The most recent De Pere Board of Park Commissioners meeting on April 18 drew residents anticipating plenty of aquatic facility discussion, and the meeting did not disappoint.
Of the three-and-a-quarter-hour meeting, a solid three hours were devoted to the pools.
At issue were differences between the designs residents saw at a March open house, and those released by the city April 12.
The group Save De Pere Pools issued a statement saying before the meeting that the altered designs for the pool at Legion Park released after the open house were “undesirable and unusable for small children, inexperienced swimmers, families with varying ages and multiple swimming abilities.”
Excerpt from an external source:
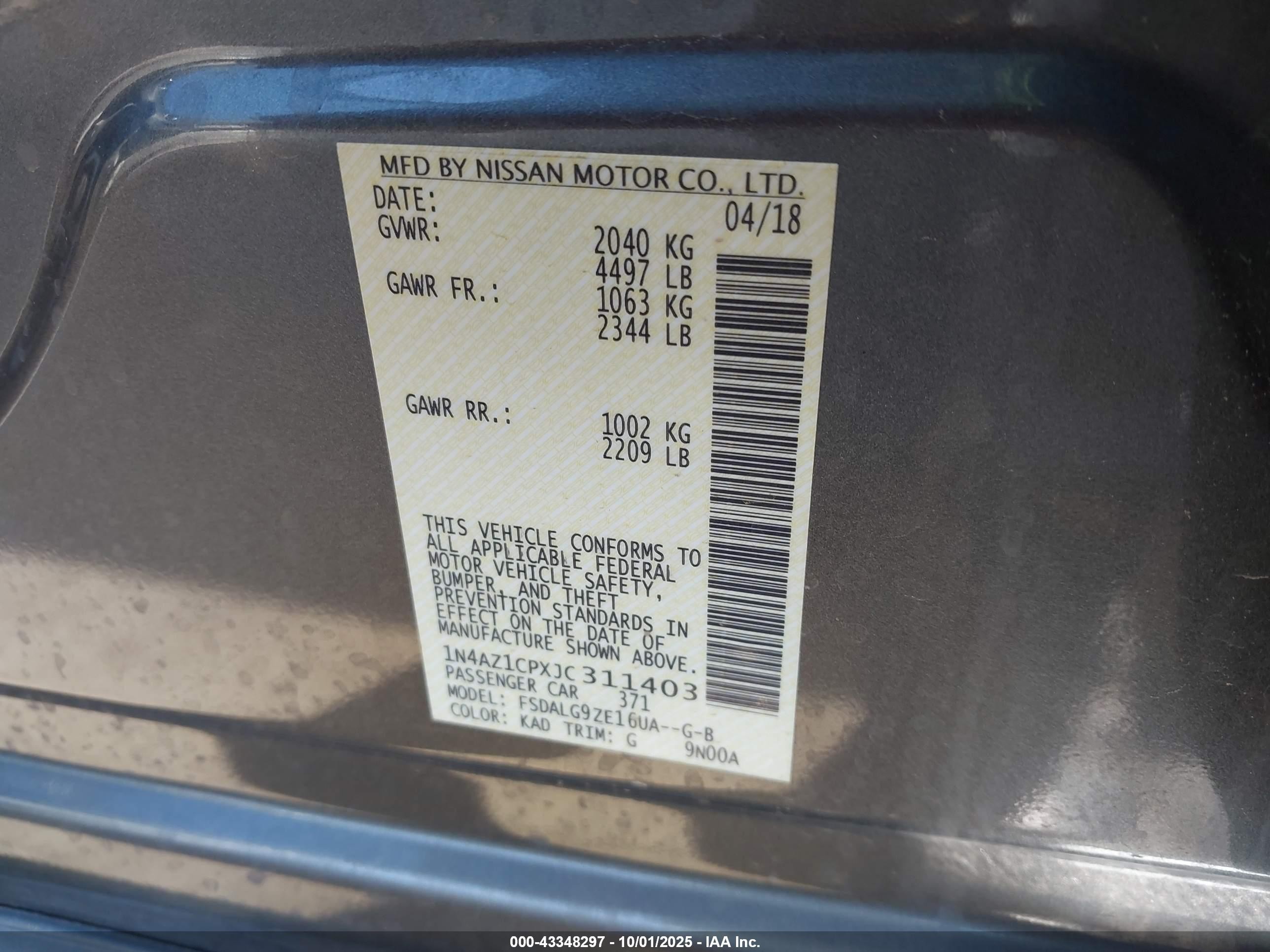 2018 Nissan Leaf Sl Серый vin: 1N4AZ1CPXJC311403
Those plans showed Legion Park as smaller and with fewer activities for older kids than plans for VFW.
Director of Parks, Recreation, and Forestry Marty Kosobucki calmed troubled waters over a misunderstanding about available funds and that a costlier VFW facility plan left insufficient funding even to simply replicate the current Legion Park pool facility.
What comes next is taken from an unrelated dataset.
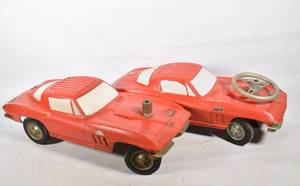 lot 299 image: 2 Vintage Republic Tool Ride On Corvette Stingray Toy Cars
“At the last park board meeting, one question was about the referendum and the budget for the pool, and that caused a little confusion,” Kosobucki said.
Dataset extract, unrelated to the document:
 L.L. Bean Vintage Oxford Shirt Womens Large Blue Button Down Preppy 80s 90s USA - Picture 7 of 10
He said a stated dollar figure of $12 million for the two pools was simply a number that the city administrator came up with for what the referendum could cover.
“It was not intended to give a benchmark,” Kosobucki said. “There’s no budget and no set amount.”
Last November, De Pere voters passed a referendum that raises property taxes about 7 percent, garnering approximately $900,000 per year for an indefinite number of years, to build and operate two new pool facilities to replace those at VFW and Legion parks.
Representatives from GRAEF took questions and feedback, and the board discussed what might be subtracted or postponed to reduce costs, and whether some features could be put in later once sponsors come to the fore.
The GRAEF representatives said amenities such as climbing walls are fairly easy to retrofit, as are diving boards, as long as the concrete slab is prepared with that in mind.
Alderman Ryan Jennings motioned the VFW plans do not include the half-meter diving board, but leave space for a future installation, bringing the number of diving boards at VFW down to two: a one-meter and a three-meter board.
“The third diving board adds a whole extra staff person and would be easy to add later,” Jennings said.
But one alderman urged the commissioners not to sacrifice today only to pay tomorrow.
“The cost goes up in the future, so we should do it the way we want it today,” said Alderman Dean Raasch.
Among the changes:
• Extending Legion’s design west several feet to add more room to the toddler pool.
• Adding a half-meter diving board at Legion.
• Adding a sidewalk around the Legion facility.
• Removing the half-meter diving board at VFW.
• Adding a spot for a veterans memorial at the entrance to the VFW pool facility.
Kosobucki said the board made recommendations, but gave GRAEF some leeway to “think outside the box to accomplish what they (the community) were hoping for.”